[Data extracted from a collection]

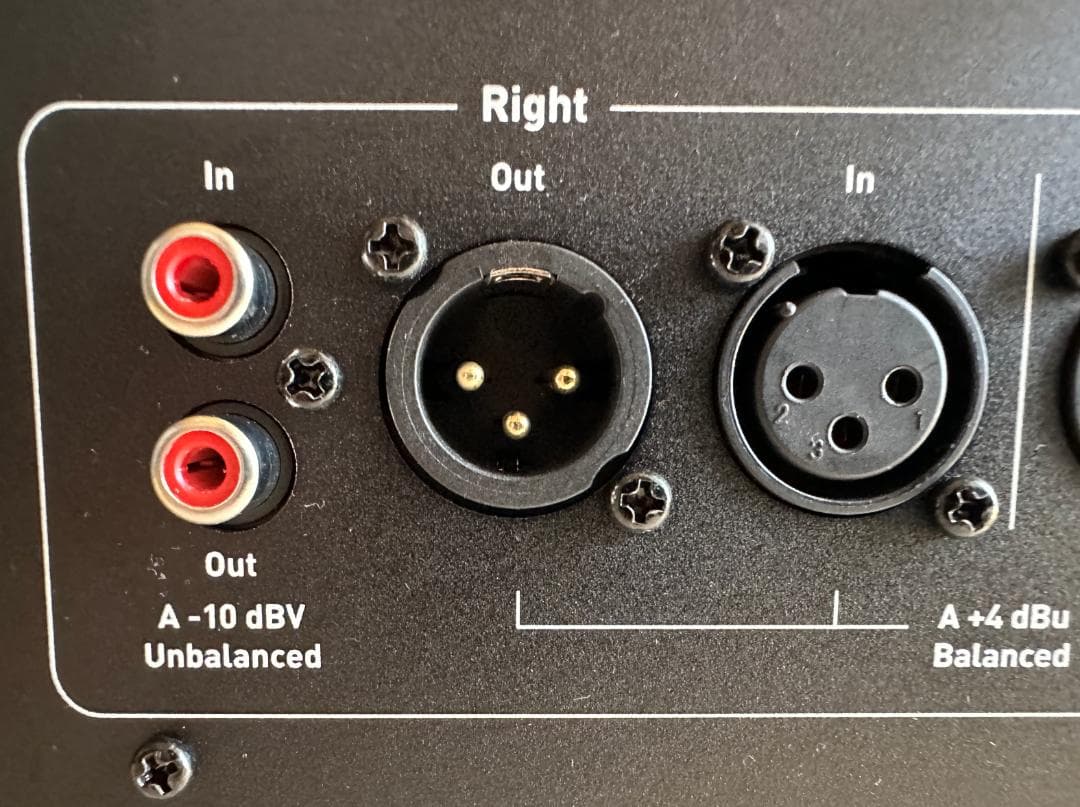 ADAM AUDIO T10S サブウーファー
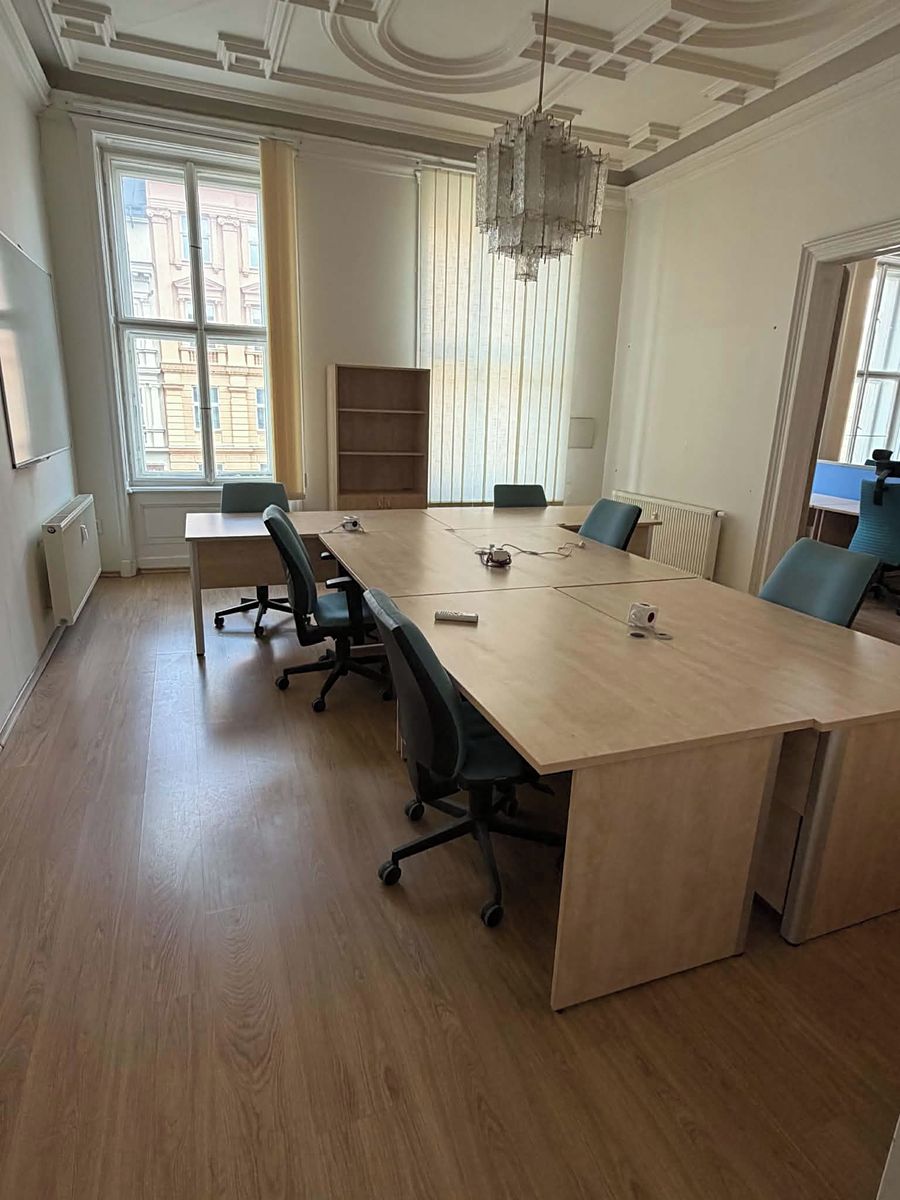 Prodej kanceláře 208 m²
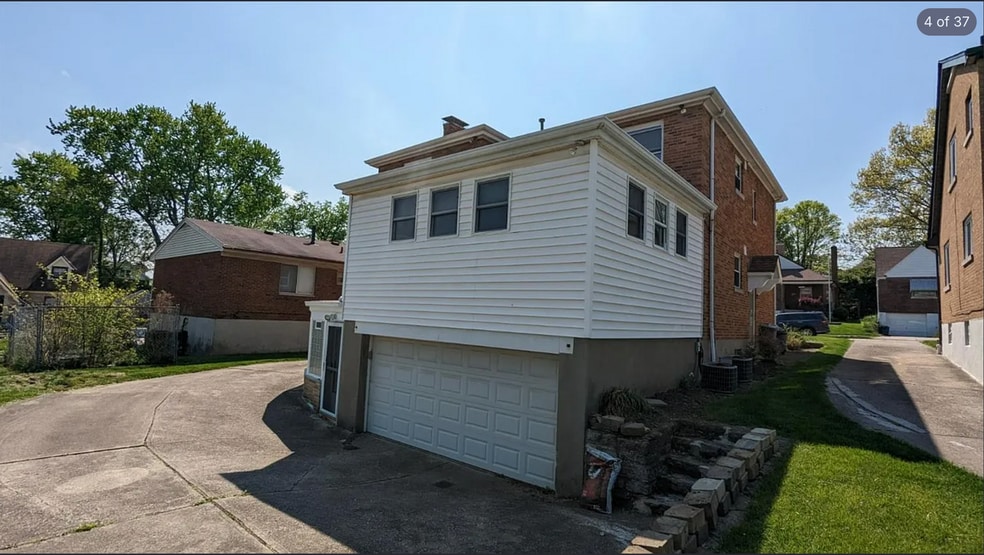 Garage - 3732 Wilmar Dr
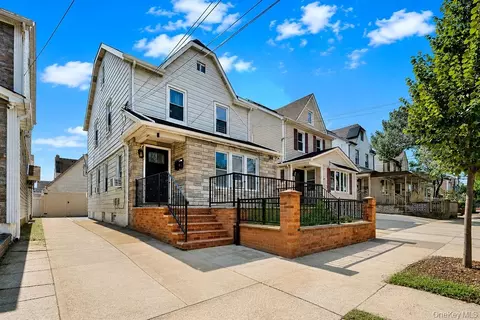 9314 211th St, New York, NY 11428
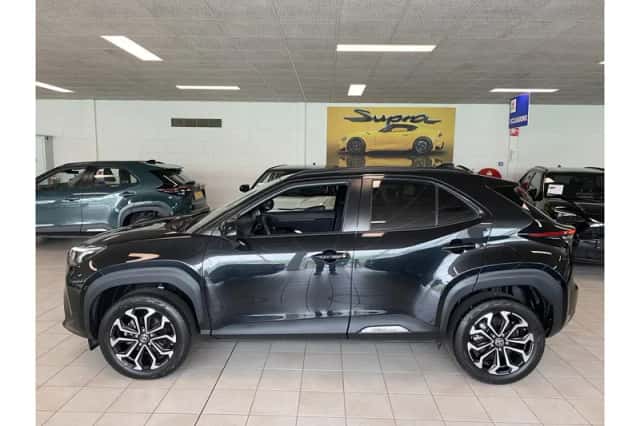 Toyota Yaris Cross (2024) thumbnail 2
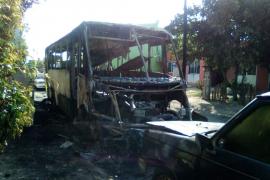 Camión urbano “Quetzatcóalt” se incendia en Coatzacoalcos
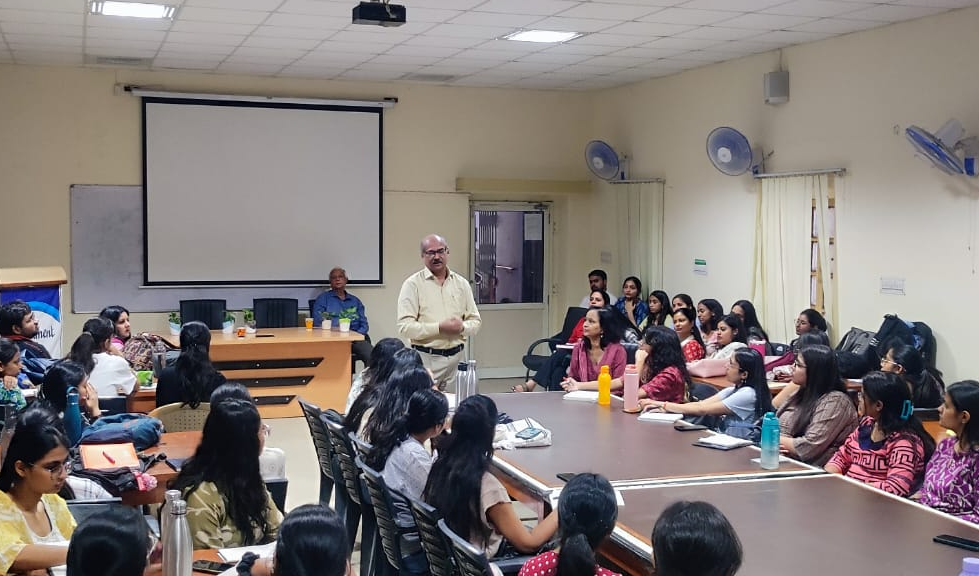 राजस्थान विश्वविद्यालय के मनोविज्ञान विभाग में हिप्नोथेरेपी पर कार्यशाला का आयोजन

▸ What the exercise asks
An exact reprint of every record is required, with the pictures omitted.

▸ Response below
 ADAM AUDIO T10S サブウーファー
 Prodej kanceláře 208 m²
 Garage - 3732 Wilmar Dr
 9314 211th St, New York, NY 11428
 Toyota Yaris Cross (2024) thumbnail 2
 Camión urbano “Quetzatcóalt” se incendia en Coatzacoalcos
 राजस्थान विश्वविद्यालय के मनोविज्ञान विभाग में हिप्नोथेरेपी पर कार्यशाला का आयोजन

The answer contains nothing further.